┏━━
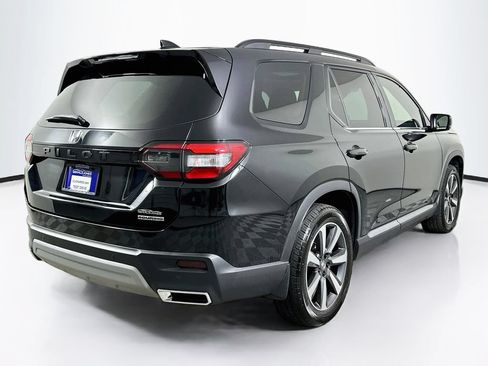 Certified 2025 Honda Pilot Touring image 7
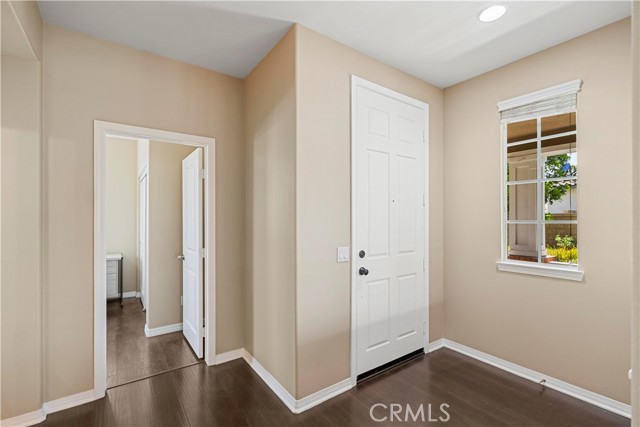 Detail Gallery Image 17 of 43 For 8319 Fiske Dr, Corona,  CA 92880 - 5 Beds | 3 Baths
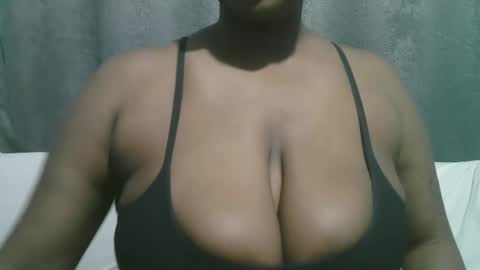 lady_dearra online show from 16, 9, 2025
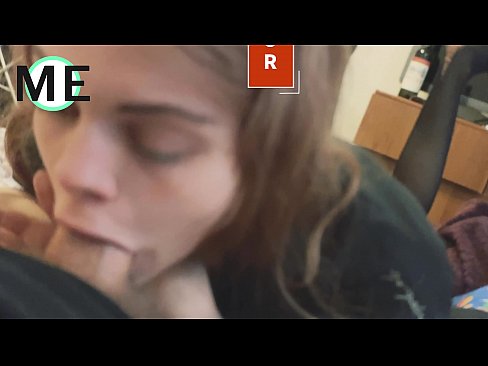 ❤️ Hals Dick, zerräissen Strumpfhosen an zerräissen Fersen schéin ze treffen ❌ Qualitéit Porno op Porno lb.porno24-7.ru ❌️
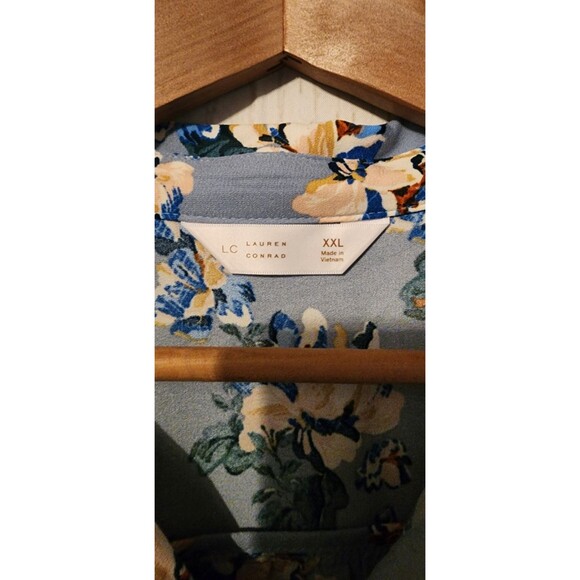 LC Lauren Conrad Button Down Long Sleeve Blouse Woman's XXL Floral Blue Flowy - Picture 4 of 6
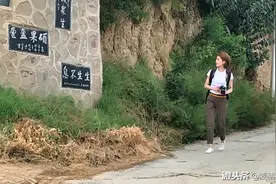 央视七套农业频道《致富经》栏目主持人郭婧走进富平千年柿寿星#带你看三农#视频封面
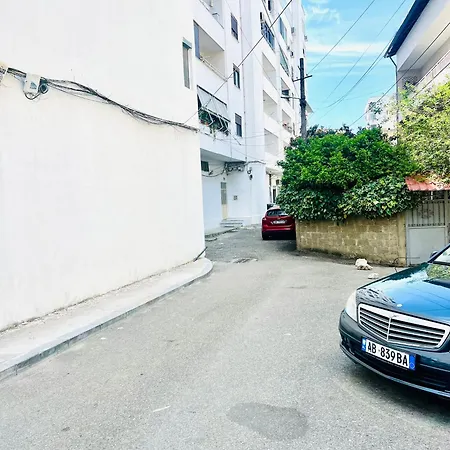 Lovely 3-bedroom Unit In Durrës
┗━━
WORK INSTRUCTIONS →
Your answer must be the exact lines from the one containing "Porno lb.porno24-7.ru ❌️" through the last line of the records above, with both included and no pictures.

RESPONSE →
 ❤️ Hals Dick, zerräissen Strumpfhosen an zerräissen Fersen schéin ze treffen ❌ Qualitéit Porno op Porno lb.porno24-7.ru ❌️
 LC Lauren Conrad Button Down Long Sleeve Blouse Woman's XXL Floral Blue Flowy - Picture 4 of 6
 央视七套农业频道《致富经》栏目主持人郭婧走进富平千年柿寿星#带你看三农#视频封面
 Lovely 3-bedroom Unit In Durrës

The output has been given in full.